◆ YOUR OBJECTIVE ◆
Locate, in the data below, the line that contains "After putting on" and the line that contains "And there you"; reproduce exactly those two lines and every line between them, nothing more.

_ _ _ _ _ _ _

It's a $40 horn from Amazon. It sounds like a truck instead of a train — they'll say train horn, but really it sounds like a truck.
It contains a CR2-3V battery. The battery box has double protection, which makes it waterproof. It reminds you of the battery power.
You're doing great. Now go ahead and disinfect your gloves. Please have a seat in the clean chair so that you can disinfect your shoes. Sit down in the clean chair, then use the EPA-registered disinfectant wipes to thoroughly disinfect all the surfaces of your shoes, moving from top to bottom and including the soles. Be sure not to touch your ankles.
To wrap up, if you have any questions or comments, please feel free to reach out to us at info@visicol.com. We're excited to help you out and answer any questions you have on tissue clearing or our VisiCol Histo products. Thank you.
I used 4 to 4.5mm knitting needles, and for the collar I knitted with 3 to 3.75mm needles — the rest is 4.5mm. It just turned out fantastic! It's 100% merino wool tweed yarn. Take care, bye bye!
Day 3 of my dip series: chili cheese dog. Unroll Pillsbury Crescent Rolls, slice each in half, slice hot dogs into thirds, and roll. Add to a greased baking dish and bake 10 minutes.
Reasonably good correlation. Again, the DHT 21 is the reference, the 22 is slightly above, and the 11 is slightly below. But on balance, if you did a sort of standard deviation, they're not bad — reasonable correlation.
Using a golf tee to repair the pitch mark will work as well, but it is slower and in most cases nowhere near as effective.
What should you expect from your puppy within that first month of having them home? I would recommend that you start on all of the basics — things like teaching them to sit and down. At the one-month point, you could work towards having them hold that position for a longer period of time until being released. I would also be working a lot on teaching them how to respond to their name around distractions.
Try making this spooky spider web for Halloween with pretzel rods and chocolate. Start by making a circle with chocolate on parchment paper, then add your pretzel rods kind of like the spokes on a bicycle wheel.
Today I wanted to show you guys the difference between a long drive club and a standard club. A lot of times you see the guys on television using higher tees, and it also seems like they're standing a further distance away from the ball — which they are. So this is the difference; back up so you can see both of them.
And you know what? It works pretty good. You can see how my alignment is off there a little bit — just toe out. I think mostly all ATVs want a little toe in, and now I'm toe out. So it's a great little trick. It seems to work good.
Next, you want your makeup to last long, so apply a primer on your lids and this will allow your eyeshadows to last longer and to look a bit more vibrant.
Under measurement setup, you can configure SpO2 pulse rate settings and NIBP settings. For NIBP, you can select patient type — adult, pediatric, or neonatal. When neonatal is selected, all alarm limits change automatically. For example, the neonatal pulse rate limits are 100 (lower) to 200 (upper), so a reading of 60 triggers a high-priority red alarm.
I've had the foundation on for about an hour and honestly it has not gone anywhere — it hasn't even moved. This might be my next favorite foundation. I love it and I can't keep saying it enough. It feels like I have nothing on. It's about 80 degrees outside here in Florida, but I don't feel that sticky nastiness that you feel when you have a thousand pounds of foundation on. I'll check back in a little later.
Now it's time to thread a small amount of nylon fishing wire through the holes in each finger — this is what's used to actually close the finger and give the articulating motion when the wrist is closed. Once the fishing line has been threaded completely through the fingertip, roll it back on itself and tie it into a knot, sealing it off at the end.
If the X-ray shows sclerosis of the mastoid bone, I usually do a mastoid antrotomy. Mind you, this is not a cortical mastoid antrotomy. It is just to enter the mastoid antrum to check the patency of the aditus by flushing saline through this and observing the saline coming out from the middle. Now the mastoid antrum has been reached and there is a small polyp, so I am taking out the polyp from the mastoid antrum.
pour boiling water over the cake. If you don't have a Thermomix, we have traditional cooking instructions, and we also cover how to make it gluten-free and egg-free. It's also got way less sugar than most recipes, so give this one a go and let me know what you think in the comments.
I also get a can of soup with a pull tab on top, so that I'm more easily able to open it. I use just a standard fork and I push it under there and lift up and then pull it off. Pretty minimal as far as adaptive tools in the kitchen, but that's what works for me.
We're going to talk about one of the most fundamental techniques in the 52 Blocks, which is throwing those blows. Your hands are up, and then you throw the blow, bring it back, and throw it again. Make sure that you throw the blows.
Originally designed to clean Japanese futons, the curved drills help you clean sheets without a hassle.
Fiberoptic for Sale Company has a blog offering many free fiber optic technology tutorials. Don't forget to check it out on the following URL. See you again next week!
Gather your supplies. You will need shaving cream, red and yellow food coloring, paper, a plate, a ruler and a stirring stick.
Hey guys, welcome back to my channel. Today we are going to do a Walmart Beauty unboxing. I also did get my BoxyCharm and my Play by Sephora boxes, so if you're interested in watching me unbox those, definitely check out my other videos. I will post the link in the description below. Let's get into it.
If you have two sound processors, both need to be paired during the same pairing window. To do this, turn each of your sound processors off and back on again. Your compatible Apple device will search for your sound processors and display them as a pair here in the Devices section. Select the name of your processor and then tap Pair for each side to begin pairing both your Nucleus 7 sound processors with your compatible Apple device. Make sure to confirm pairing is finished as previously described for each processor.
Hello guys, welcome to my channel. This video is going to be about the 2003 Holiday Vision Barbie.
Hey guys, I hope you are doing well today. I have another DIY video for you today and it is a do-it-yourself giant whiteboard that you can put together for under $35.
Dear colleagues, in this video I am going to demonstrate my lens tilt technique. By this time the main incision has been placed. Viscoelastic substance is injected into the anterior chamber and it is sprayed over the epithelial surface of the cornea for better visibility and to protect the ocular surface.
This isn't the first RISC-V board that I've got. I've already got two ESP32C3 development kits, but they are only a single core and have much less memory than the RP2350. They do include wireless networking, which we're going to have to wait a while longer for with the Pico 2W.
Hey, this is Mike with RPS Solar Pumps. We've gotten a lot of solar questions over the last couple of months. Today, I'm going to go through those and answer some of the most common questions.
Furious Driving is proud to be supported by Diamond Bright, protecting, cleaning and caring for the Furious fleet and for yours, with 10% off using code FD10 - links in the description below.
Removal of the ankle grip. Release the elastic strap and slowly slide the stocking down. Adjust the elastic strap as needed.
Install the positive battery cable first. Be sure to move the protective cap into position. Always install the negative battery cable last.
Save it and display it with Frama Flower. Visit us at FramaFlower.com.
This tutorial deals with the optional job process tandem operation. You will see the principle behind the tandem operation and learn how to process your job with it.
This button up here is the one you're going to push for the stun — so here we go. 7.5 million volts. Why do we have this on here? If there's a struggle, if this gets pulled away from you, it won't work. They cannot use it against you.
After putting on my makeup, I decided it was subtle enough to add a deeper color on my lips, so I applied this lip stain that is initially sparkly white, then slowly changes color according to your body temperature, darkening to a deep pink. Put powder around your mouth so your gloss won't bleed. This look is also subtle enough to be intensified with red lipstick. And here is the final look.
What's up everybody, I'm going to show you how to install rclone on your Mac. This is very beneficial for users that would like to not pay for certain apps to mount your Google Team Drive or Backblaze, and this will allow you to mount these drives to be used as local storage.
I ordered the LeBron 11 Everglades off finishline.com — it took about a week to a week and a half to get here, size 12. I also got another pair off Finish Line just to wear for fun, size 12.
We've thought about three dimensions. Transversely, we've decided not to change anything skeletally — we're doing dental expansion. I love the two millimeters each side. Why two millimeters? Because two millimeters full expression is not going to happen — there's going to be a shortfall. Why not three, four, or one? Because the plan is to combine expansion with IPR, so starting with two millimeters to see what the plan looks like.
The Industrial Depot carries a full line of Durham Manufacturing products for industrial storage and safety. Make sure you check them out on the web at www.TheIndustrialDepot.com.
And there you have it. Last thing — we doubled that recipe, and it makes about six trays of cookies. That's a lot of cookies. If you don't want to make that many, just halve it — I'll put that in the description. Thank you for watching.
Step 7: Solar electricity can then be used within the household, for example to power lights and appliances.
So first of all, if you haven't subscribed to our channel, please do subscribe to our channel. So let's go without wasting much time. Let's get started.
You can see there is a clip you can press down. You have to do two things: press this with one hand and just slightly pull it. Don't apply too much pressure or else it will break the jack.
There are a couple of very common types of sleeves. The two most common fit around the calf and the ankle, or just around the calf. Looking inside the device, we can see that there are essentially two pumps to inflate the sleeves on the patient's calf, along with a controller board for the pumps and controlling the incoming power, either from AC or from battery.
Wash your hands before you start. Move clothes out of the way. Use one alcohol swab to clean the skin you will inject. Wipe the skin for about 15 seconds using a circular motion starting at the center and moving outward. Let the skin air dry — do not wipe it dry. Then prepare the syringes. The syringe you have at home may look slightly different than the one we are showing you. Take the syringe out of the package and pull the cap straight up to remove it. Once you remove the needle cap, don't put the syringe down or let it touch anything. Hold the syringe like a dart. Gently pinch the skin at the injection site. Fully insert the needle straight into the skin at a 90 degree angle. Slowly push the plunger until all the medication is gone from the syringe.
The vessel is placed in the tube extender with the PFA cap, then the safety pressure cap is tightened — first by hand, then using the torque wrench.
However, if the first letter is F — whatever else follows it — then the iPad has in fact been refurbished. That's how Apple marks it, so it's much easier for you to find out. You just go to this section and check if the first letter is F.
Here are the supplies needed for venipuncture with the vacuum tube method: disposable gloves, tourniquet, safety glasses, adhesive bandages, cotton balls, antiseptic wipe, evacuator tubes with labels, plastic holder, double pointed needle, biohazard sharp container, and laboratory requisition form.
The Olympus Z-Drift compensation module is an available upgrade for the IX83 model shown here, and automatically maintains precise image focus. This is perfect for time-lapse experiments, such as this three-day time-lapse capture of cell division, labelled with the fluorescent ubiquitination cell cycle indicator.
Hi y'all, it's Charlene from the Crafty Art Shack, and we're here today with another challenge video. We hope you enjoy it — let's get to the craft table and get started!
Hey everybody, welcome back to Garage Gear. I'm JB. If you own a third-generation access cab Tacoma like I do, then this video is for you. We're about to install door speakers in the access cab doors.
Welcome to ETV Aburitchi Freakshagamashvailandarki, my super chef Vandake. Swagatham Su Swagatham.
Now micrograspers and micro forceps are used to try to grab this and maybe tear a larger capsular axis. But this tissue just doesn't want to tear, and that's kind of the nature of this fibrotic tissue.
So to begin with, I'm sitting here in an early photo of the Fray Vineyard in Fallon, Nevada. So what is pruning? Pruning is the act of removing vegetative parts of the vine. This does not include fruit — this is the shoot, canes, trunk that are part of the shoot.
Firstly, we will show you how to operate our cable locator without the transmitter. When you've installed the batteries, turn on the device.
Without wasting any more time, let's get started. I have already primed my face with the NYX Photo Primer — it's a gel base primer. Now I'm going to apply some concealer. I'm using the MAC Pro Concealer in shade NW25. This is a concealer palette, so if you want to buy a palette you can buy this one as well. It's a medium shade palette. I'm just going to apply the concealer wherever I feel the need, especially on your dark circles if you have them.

_ _ _ _ _ _ _

◆ RESPONSE AREA ◆
After putting on my makeup, I decided it was subtle enough to add a deeper color on my lips, so I applied this lip stain that is initially sparkly white, then slowly changes color according to your body temperature, darkening to a deep pink. Put powder around your mouth so your gloss won't bleed. This look is also subtle enough to be intensified with red lipstick. And here is the final look.
What's up everybody, I'm going to show you how to install rclone on your Mac. This is very beneficial for users that would like to not pay for certain apps to mount your Google Team Drive or Backblaze, and this will allow you to mount these drives to be used as local storage.
I ordered the LeBron 11 Everglades off finishline.com — it took about a week to a week and a half to get here, size 12. I also got another pair off Finish Line just to wear for fun, size 12.
We've thought about three dimensions. Transversely, we've decided not to change anything skeletally — we're doing dental expansion. I love the two millimeters each side. Why two millimeters? Because two millimeters full expression is not going to happen — there's going to be a shortfall. Why not three, four, or one? Because the plan is to combine expansion with IPR, so starting with two millimeters to see what the plan looks like.
The Industrial Depot carries a full line of Durham Manufacturing products for industrial storage and safety. Make sure you check them out on the web at www.TheIndustrialDepot.com.
And there you have it. Last thing — we doubled that recipe, and it makes about six trays of cookies. That's a lot of cookies. If you don't want to make that many, just halve it — I'll put that in the description. Thank you for watching.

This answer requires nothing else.